Another sidelight on Surrey’s clandestine activities is provided by a treatise that his younger son Henry wrote in 1583.
A defensative against the poyson of supposed Prophesies
is, as the title suggests, a tirade against the sixteenth-century vogue for prophecy, astrology and divination. The previous year Henry had been forced to deny all knowledge of ‘a certain painted treatise’, containing prophecies about Queen Elizabeth.
45
The
defensative
, dedicated to his examiner, the Queen’s spymaster and principal secretary Sir Francis Walsingham, was thus a politic and timely exercise. Yet the venom Henry directs at his subject – ‘the froth of folly, the scum of pride, the shipwreck of honour, and the poison of nobility’ – is considerable and gives credibility to his claim that his treatise was engendered by ‘a mortal malice against prophecies in respect of some progenitors and ancestors of mine, which smarted for presuming overmuch upon their hopes’.
46

Henry’s beheaded great-grandfather, the Duke of Buckingham, had listened to prophecies that he would be King, and a prognostication on the overthrow of Queen Elizabeth was introduced at the trial of Henry’s elder brother Thomas, who was found guilty of conspiring with Mary, Queen of Scots.
47
Yet Henry claimed to have conceived his ‘mortal malice’ in his teenage years, long before his brother’s execution. Twice in the 1580s, Henry wrote about his father’s demise, and he leaves broad hints in the
defensative
that he was referring to him again. Not only does his reference to family members ‘presuming overmuch upon their hopes’ echo his statement that Surrey composed
Sat Superest
‘upon the breach of a distressed hope’, but he also recalls circumstances that sound very similar to Surrey’s own:

The last but notwithstanding the most pestilent and bitter root from whence the prophecies have drawn their head and received, as it were, their life and soul is curiosity: to search and hunt for deeper knowledge of the future causes and affairs of the commonwealth than it pleaseth God to discover and reveal by ordinary means. As how long the Prince shall reign? Who shall succeed and by what mean? What houses shall recover or decay? Of what quality the Prince shall be? with such like mysteries.
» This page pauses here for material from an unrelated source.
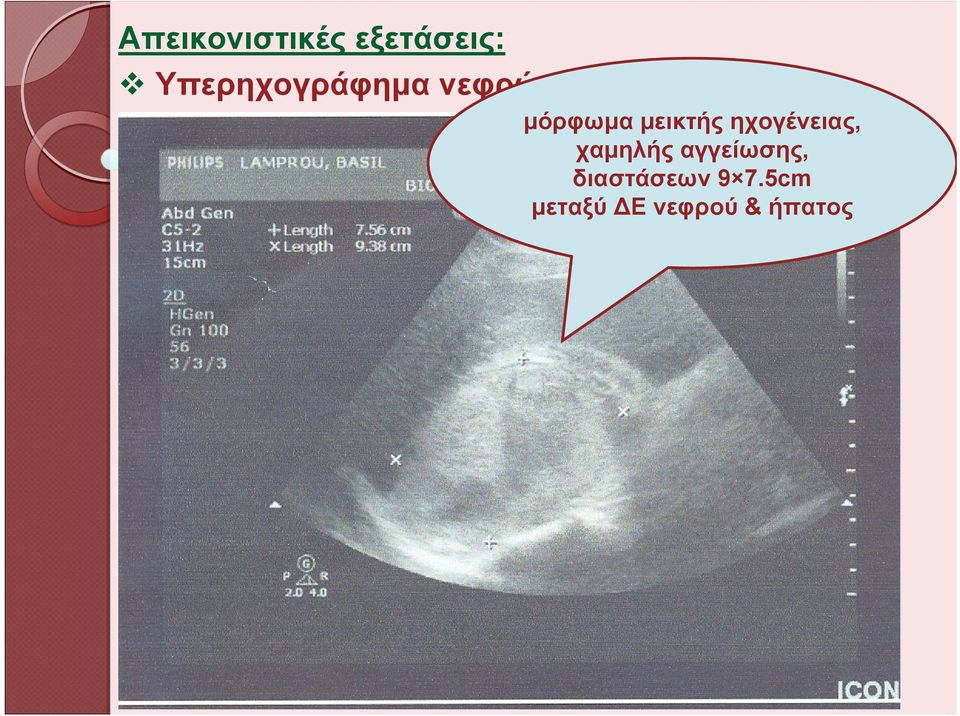 μεικτής ηχογένειας, χαμηλής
And the reason why this fountain is more pestilent than any of the rest is chiefly because it pierceth and approacheth nearer to the quick of man’s delight insomuch as I myself have been acquainted with some godly persons and such as neither doubted of God’s sure defence, nor lent their ears to winds of light report, which were notwithstanding wonderfully ravished and bewitched with this enticing humour.
48

Elsewhere in the
defensative
Henry writes:

It hath been an ancient practice of discoursing sycophants, sometime by figures, sometime by pedigrees, sometime by popular reports and rumours, to bring that person whom they most detest and fear into so deep mistrust and jealousy of those that bear rule as none but he must be regarded, watched, and observed by the spies of the State, while they bring things to pass according to the compass of their own intent, and cover drifts of treason with a mask of hypocrisy.
49

In June 1546 a servant of Surrey called Robert Barker was examined for discussing ‘prophecies and other things stirring to commotion against the King’s Majesty’. The Duke of Norfolk’s secretary, John Clerke, who dedicated several books to Surrey, was known to dabble in necromancy. Surrey’s friend, Thomas Wyatt junior, was another dilettante of the dark arts as, later, would be Surrey’s daughter Katherine. Surrey himself, and Henry VIII too, it must be said, were fascinated by astronomy.
50
It is possible, therefore, as his son strongly implies, that Surrey had indulged a soothsayer and presumed ‘overmuch’ on his hopes. His final portrait could have been the context for some kind of prophecy, especially if one credits the unsupported statement in the
Spanish Chronicle
that the motto ‘till then thus’ was also inscribed upon it.
51
Several of his comments might also be interpreted prophetically. Apparently there were friends ‘to whom in figure he had promised the coming of a fair day’, while his enemies ‘he trusted one day to make . . . very small’.
52
The ravenous ‘Friowr’, who ‘feeds the wealth with lies’, may even have been a false prophet in the literal sense as opposed to one of Surrey’s back-stabbing friends. An anonymous seventeenth-century manuscript also suggests that ‘diabolical divination’ played a part in Surrey’s fall.
53
But there is nothing in the surviving skeleton of official evidence to suggest this. It is a ghost of a possibility, one that dissolves as soon as it is investigated too closely.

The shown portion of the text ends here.